Après son retrait du Bulletin et l’échec de La Cause du peuple, elle collabore à La Vraie République du socialiste Thoré. Elle écrit à un cousin le 20 mai : « Les meneurs de la véritable idée sociale ne sont guère plus éclairés que ceux qu’ils combattent et jouent trop la partie à leur profit. […] [Le peuple] manque de guides à la hauteur de leur mission ». En juillet, elle partage la tristesse de Lamennais, et l’exprime en particulier à son éditeur Hetzel.

Le 1er juin 1848, elle reprend la rédaction de Histoire de ma vie, dont la publication commence à l’automne 1854 dans La Presse de Girardin (elle aurait pu commencer plus tôt, mais l’éditeur craignait la censure impériale). Sand ne s’épanche sur 1848 ni dans ces mémoires, ni ailleurs dans son œuvre, se contentant de l’évoquer dans la préface de La Petite Fadette, composée en août 1848.

Elle écrit le 22 décembre dans La Réforme : « Le peuple n’est pas politique. […] Mais un peu de patience.

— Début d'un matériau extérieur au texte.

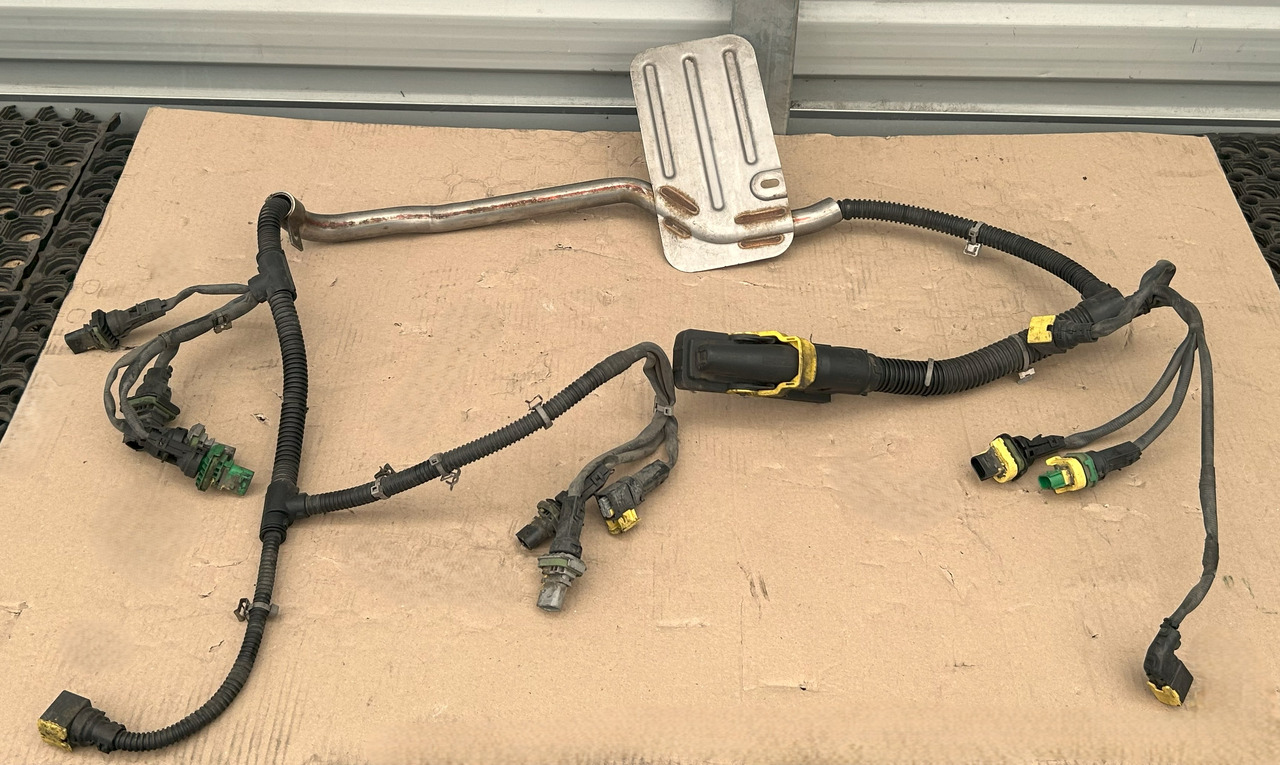 MERCEDES-BENZ ACTROS MP4 CATALYTIC CONVERTER ELECTRICAL HARNESS - Cables/ Wire harness: picture 1 MERCEDES-BENZ ACTROS MP4 CATALYTIC CONVERTER ELECTRICAL HARNESS - Cables/ Wire harness: picture 1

Dans peu de temps, le peuple sera socialiste et politique, et il faudra bien que la république soit à son tour l’un et l’autre ». Elle pense maintenant que seules la patience, la sagesse et la raison permettront au peuple d’évoluer vers la république sociale.

Il lui faudra attendre 23 ans pour que la Commune de Paris confirme cette prophétie. Mais la révolution sociale se heurte alors à l’incompréhension de Sand, sinon à sa haine. Influencée par Flaubert, Dumas Fils et d’autres, elle ira même jusqu’à attaquer Hugo pour sa clémence envers les Communards.

[1] La politique de L’Éclaireur se rapprochait de celle du journal parisien La Réforme, sur lequel régnait Ledru-Rollin, avocat de verve facile, de belle prestance, au sourire aimable, mais paresseux et assez opportuniste, car il avait fait un mariage riche et courait les femmes (André Maurois, Lélia ou la vie de George Sand).